And there-in lies the problem. Under the terms of the funding agreement, the $2 million must be spent on looking for foxes and making sure they don't cross Bass Strait.
The state Liberal government is understood to be negotiating with their federal counterparts to have the agreement's parameters altered so the funding can be used more broadly within cash-strapped Biosecurity Tasmania, with staff already threatening overtime work bans due to workload disputes.
However, the federal environment department says it hasn't received a formal request to vary those parameters.
Turn the clock back to 2001, when the state and federal governments of the day set up a fox taskforce to track and trap elusive foxes in Tasmania.

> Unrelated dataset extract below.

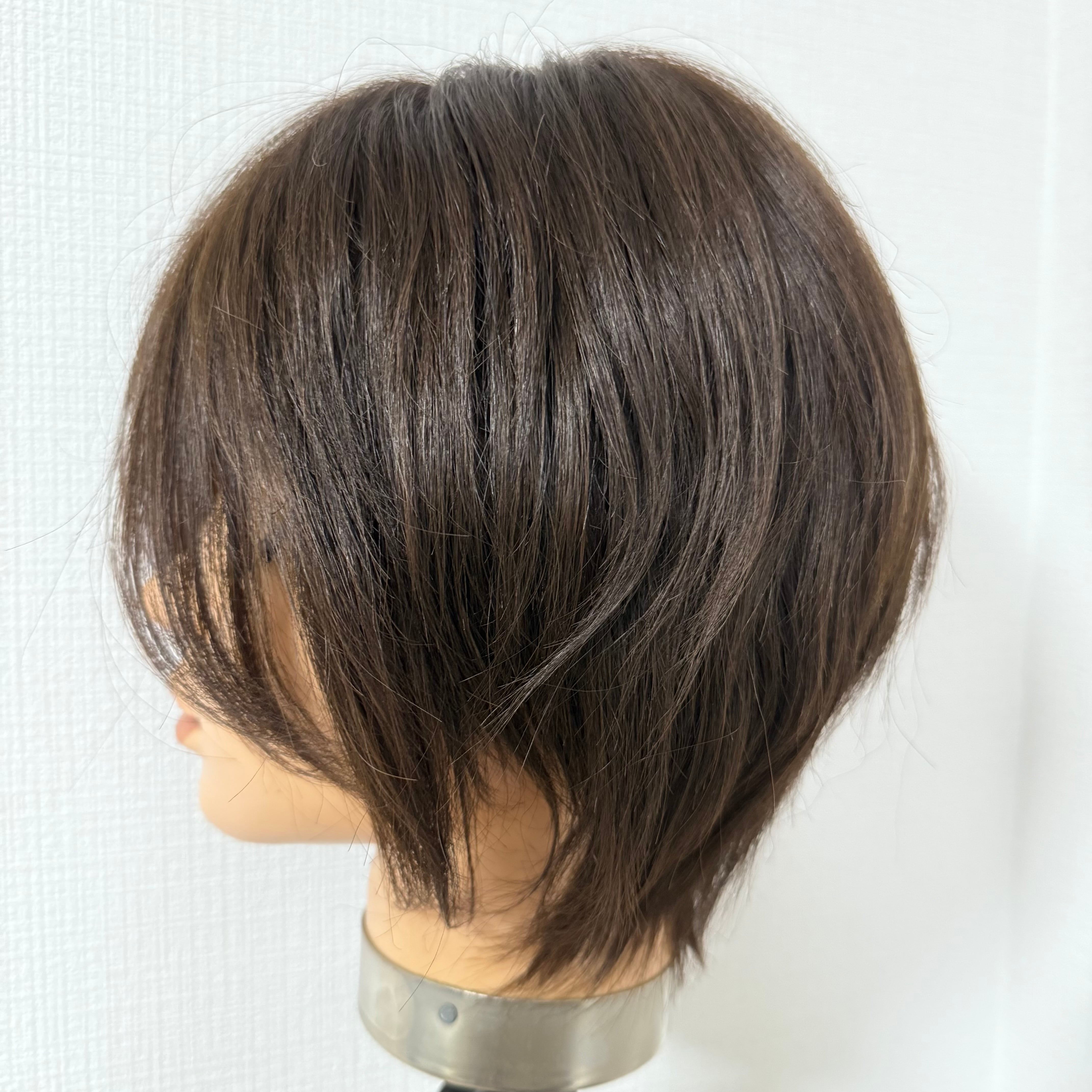 3Dウィッグ 商品名:あすか 百合子ウィッグレミー人毛100% | 百合子ウィッグ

The government spent $50 million on the highly controversial Fox Eradication Program only to discover after 13 long years that there was no conclusive evidence of a fox invasion.
Last year, an independent report found "serious deficiencies in the data and analysis" used to justify the program.
Then how, even after the fox program has been scrapped, are we justifying spending $2 million to eradicate a pest that most likely never existed in the first place?
Surely, diverting the funds back into Biosecurity Tasmania's control will help tackle genuine threats, such as feral cats, at a time when the division of the Department of Primary Industries, Parks, Water and Environment is desperate for more funding.
So as those lengthy negotiations to change the funding parameters drag on, it is about time someone asked: what's the hold-up?